Social media are fundamentally scalable communications technologies that turn Internet-based communications into an interactive dialogue platform (Montalvo 2011). On the “demand side”, citizens, users, and consumers are increasingly turning to various types of social media to search for information and to make decisions regarding products, politicians, and public services (Bimber 1998; Haugtvedt et al. 2005; Vollmer and Precourt 2008). On the “supply side”, terms such as “Enterprise 2.0” (McAfee 2009), “Government 2.0” (Tapscott et al. 2007), and “social business” are being used to describe the emergence of private enterprises and public institutions that strategically adopt and use social media channels to increase organizational effectiveness, enhance operational efficiencies, empower employees, and create value with and for stakeholders.
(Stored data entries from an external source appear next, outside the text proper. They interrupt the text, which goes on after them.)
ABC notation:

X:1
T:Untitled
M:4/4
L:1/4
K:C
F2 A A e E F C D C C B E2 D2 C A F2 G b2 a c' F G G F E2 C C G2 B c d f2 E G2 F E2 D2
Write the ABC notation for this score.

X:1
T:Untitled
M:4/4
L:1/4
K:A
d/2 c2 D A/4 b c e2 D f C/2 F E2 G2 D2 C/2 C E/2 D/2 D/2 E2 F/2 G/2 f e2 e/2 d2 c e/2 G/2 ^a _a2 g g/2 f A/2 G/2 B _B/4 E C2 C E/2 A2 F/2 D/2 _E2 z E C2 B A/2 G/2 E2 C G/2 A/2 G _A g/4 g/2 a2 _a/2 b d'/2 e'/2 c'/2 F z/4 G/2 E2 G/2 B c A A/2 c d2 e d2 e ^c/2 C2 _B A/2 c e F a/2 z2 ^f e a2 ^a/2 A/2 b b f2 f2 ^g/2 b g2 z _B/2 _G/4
The remainder of this chapter is organized as follows. The first section situates the notion of social business in the relevant macro trends in technology, organizations, and society. The next three sections present and discuss three critical aspects of social business: social business engagement, social media analytics, and social media ­management. This chapter concludes with implications for strategy, marketing, innovation, knowledge management, human development, and public governance.

Trends in Technology, Society, and Organizations

The increasing societal adoption of information and communication technologies is resulting in two distinct phenomena that have been termed “digital positivism” and “brand panopticon” (Vatrapu et al. 2008).
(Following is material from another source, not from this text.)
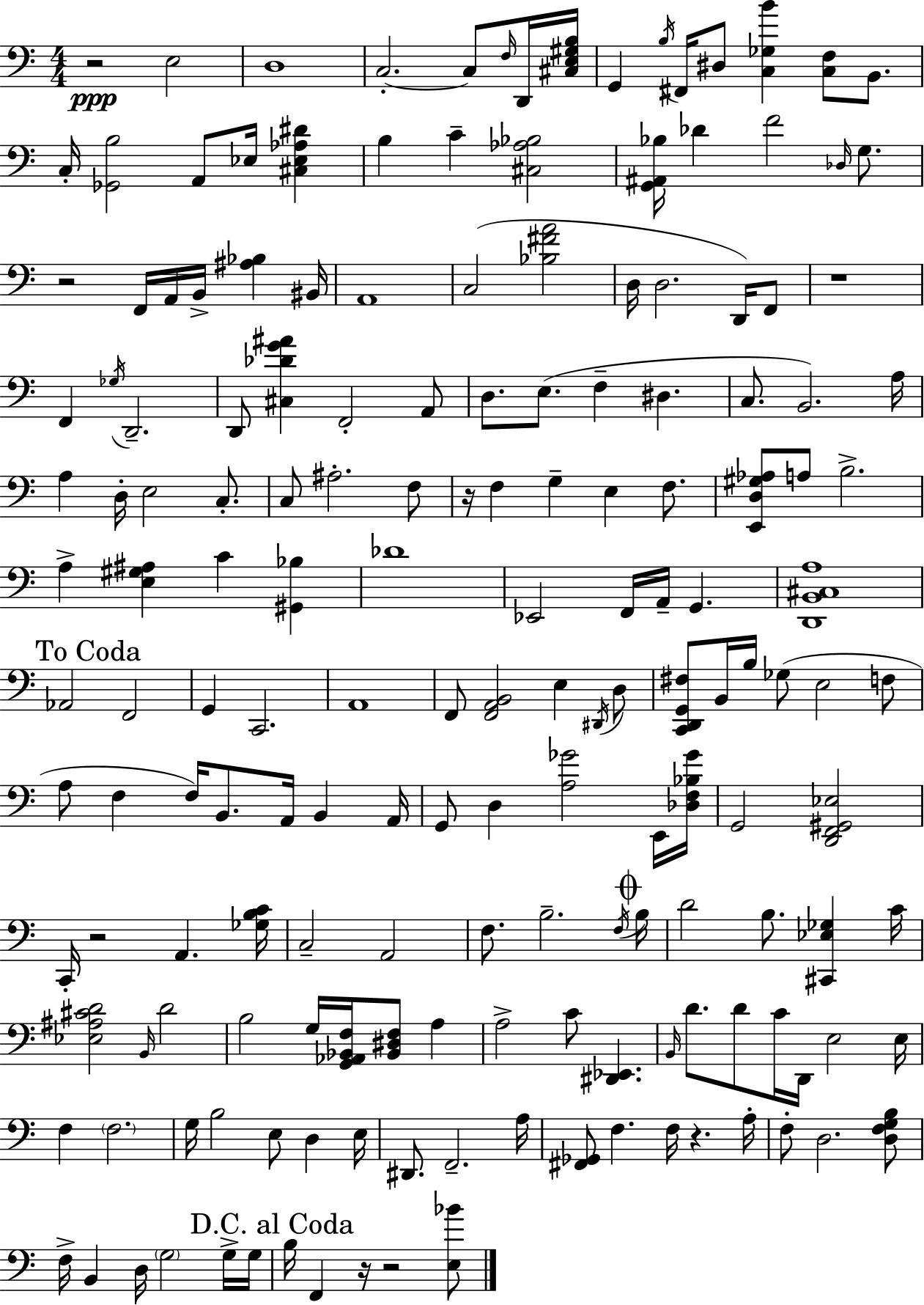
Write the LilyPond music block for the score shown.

Digital Positivism (Adapted from Vatrapu et al. 2008)

Civil society actors are increasingly using the Internet to document and share social and physical reality. The documentation and dissemination of events and intersubjective perspectives on objective events were once the sole province of professional occupations such as journalism, marketing, and public administration. Before the advent of the Internet, there was controlled access to the mass media publication avenues of print media, public television and radio, network television, broadcast radio, and cable television. The rapid diffusion of low-cost audio-video recording devices such as mobile phones, camcorders, webcams, digital voice recorders, and computers and the availability of free or affordable Internet hosting and sharing services have empowered civil society actors with the capabilities to record and share their lives as well as their realities. This capability has also been extended to record, comment on personal lives, social interactions, and experiences with goods and services. This emerging new human relationship with external reality is termed “digital positivism”. In digital positivism, the objective reality of an event is intersubjectively established through the warrants of digital artefacts that are themselves based on technological grounds. The degree of the objective reality of an event in the intersubjective public discursive realm, under digital positivism, depends therefore on the positive ontological existence of a digital artefact. Implications for businesses are that there has been a radical transformation in the conception and discussion of product categories such as music, movies, and books and the associated practices of product searching, ordering, and buying.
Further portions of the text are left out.